Now some crops such as globe artichokes are demanding of space and perhaps not to everyone’s taste with their somewhat idiosyncratic eating method. But why has just this one flower receptacle become adopted and improved and not say Milk thistles, Silybum marianum, Carline thistles or even immature sunflower heads. All of these are just as edible, were once consumed, but were dropped and never developed. In a world continually craving novel culinary delights it actually seems rather odd we are not searching out and selecting such as these as new gourmet wonders. Are we really so conservative? Perhaps we are all like the old countryman who said- “I’ll try absolutely anything I’ve had before”.

Regard bulbs. Sure we have onions, in several forms, and garlic, but that’s about it. We do not have an improved Camassia, Ornithogalum, or Iris despite there being several edible species of each. Stranger still is why no delicious lilies, for these were once articles of food almost everywhere they grew; auratum, bulbiferum, canadense, japonicum, martagon, speciosum, superbum, tigrinum; all were once potential feasts. Even some orchids, including our Spotted Orchis, O. mascula, were widely consumed, their roots made a popular mucilaginous drink, Salep; sold from the streets of London to the middle east. But these are now all forgotten except in old books and maybe in distant markets.
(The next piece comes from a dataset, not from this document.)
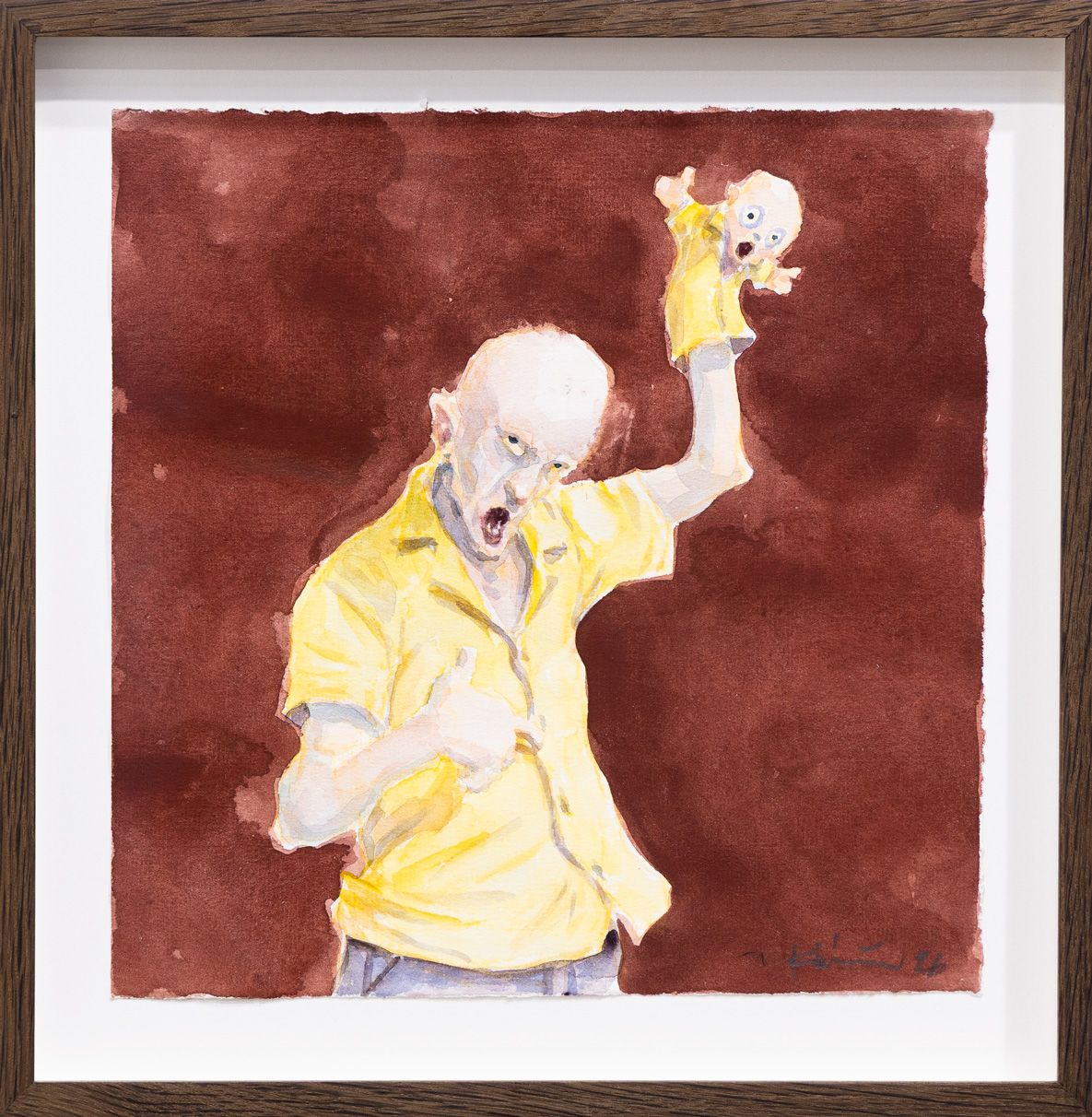 Watercolour by Michael Kvium depicting a bald figure in a yellow shirt holding a small distorted figure against a reddish-brown background.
Perhaps you’d think the area of saladings is more adventurous. You can certainly buy some quite unusual salad leaf seeds nowadays including a range of Chinese mustard derivatives handy for winter use, and the fantastically useful Miner’s lettuce, Claytonia / Montia perfoliata. But even so it’s a paltry list, smaller than that offered by Victorian nurserymen. Include plants with edible petals, perhaps vegetable fruits such as cucumber and tomato and we still find but a small number of salads compared to the possible. For goodness sake, how many non-poisonous plants there must be with succulent young leaves or petals that could be eaten as salad. True some may be too strongly flavoured or bitter and need be improved (we call some of those ‘herbs’ of course).

Cultivation, and selection could rapidly give us more palatable varieties. Yet where are our salad or table versions of fat hen, chickweed and dandelion for examples. (And do not believe any seed company blandishments about the fathen relative Chenopodium capitatum, the Strawberry blite; this is miserable fare) We seem to be overlooking a vast potential larder. It is said early humans ate up to three hundred different plants in their scrabble for sustenance. I suspect many a modern diet sums about two hundred and eighty less…..

Mind you, a few foreign come ethnic, herbs and vegetables have made it. Garlic, eaten in ancient Egypt, has finally got here, though still considered somewhat radical on some allotments. Suddenly hot peppers are most peculiarly popular. Coriander leaf although known since the middle ages is grown here and there -but really not much at all. Such as mouli radishes are seen but then only about as frequently as Japanese winter and Black Spanish varieties. Naturally if you visit allotments in areas with ethnic minorities you will see less common crops- but still recognisably those sold in all ethnic shops and bigger supermarkets. And still very very few compared to the potential number out there somewhere.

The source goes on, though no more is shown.